*** Data excerpts Section Begins ***

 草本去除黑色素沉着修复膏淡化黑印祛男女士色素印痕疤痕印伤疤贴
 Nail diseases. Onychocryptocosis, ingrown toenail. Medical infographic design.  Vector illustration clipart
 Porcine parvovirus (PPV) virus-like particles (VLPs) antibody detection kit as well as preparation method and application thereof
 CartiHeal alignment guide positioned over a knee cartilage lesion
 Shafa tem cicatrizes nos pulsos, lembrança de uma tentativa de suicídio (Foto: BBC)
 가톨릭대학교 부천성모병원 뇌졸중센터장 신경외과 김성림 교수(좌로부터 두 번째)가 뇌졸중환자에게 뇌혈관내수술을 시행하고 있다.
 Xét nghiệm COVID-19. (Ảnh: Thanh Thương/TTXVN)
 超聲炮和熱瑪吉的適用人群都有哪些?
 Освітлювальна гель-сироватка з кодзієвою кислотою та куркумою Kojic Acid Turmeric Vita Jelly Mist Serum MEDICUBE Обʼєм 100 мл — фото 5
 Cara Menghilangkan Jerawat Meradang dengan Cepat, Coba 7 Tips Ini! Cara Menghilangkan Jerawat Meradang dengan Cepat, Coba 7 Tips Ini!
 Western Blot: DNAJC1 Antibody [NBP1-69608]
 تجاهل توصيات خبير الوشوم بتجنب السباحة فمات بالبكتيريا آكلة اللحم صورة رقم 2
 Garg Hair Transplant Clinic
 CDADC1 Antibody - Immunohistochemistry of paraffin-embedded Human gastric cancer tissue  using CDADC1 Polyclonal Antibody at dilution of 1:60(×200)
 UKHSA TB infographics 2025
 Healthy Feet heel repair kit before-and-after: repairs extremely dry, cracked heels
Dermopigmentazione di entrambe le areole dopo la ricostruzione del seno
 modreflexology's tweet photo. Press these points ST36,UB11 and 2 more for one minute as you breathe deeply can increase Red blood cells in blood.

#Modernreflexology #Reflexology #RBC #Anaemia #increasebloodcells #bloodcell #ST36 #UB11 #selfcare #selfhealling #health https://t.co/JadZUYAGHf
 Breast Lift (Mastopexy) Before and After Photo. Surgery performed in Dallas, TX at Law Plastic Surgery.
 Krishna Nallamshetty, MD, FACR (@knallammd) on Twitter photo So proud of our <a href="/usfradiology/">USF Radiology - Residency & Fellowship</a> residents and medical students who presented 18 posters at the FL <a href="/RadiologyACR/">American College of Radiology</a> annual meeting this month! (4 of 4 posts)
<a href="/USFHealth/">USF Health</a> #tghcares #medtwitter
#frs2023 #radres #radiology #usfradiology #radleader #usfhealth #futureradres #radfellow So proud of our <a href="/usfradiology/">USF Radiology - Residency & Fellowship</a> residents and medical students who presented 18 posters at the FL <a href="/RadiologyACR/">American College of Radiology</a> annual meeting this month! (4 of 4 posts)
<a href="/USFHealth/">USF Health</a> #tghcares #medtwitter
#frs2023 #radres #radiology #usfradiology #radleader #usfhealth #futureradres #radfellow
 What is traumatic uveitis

*** Data excerpts Section Ends ***

### [Work required]
Set down an exact copy of the entries above.

### [Your response]
 草本去除黑色素沉着修复膏淡化黑印祛男女士色素印痕疤痕印伤疤贴
 Nail diseases. Onychocryptocosis, ingrown toenail. Medical infographic design.  Vector illustration clipart
 Porcine parvovirus (PPV) virus-like particles (VLPs) antibody detection kit as well as preparation method and application thereof
 CartiHeal alignment guide positioned over a knee cartilage lesion
 Shafa tem cicatrizes nos pulsos, lembrança de uma tentativa de suicídio (Foto: BBC)
 가톨릭대학교 부천성모병원 뇌졸중센터장 신경외과 김성림 교수(좌로부터 두 번째)가 뇌졸중환자에게 뇌혈관내수술을 시행하고 있다.
 Xét nghiệm COVID-19. (Ảnh: Thanh Thương/TTXVN)
 超聲炮和熱瑪吉的適用人群都有哪些?
 Освітлювальна гель-сироватка з кодзієвою кислотою та куркумою Kojic Acid Turmeric Vita Jelly Mist Serum MEDICUBE Обʼєм 100 мл — фото 5
 Cara Menghilangkan Jerawat Meradang dengan Cepat, Coba 7 Tips Ini! Cara Menghilangkan Jerawat Meradang dengan Cepat, Coba 7 Tips Ini!
 Western Blot: DNAJC1 Antibody [NBP1-69608]
 تجاهل توصيات خبير الوشوم بتجنب السباحة فمات بالبكتيريا آكلة اللحم صورة رقم 2
 Garg Hair Transplant Clinic
 CDADC1 Antibody - Immunohistochemistry of paraffin-embedded Human gastric cancer tissue  using CDADC1 Polyclonal Antibody at dilution of 1:60(×200)
 UKHSA TB infographics 2025
 Healthy Feet heel repair kit before-and-after: repairs extremely dry, cracked heels
Dermopigmentazione di entrambe le areole dopo la ricostruzione del seno
 modreflexology's tweet photo. Press these points ST36,UB11 and 2 more for one minute as you breathe deeply can increase Red blood cells in blood.

#Modernreflexology #Reflexology #RBC #Anaemia #increasebloodcells #bloodcell #ST36 #UB11 #selfcare #selfhealling #health https://t.co/JadZUYAGHf
 Breast Lift (Mastopexy) Before and After Photo. Surgery performed in Dallas, TX at Law Plastic Surgery.
 Krishna Nallamshetty, MD, FACR (@knallammd) on Twitter photo So proud of our <a href="/usfradiology/">USF Radiology - Residency & Fellowship</a> residents and medical students who presented 18 posters at the FL <a href="/RadiologyACR/">American College of Radiology</a> annual meeting this month! (4 of 4 posts)
<a href="/USFHealth/">USF Health</a> #tghcares #medtwitter
#frs2023 #radres #radiology #usfradiology #radleader #usfhealth #futureradres #radfellow So proud of our <a href="/usfradiology/">USF Radiology - Residency & Fellowship</a> residents and medical students who presented 18 posters at the FL <a href="/RadiologyACR/">American College of Radiology</a> annual meeting this month! (4 of 4 posts)
<a href="/USFHealth/">USF Health</a> #tghcares #medtwitter
#frs2023 #radres #radiology #usfradiology #radleader #usfhealth #futureradres #radfellow
 What is traumatic uveitis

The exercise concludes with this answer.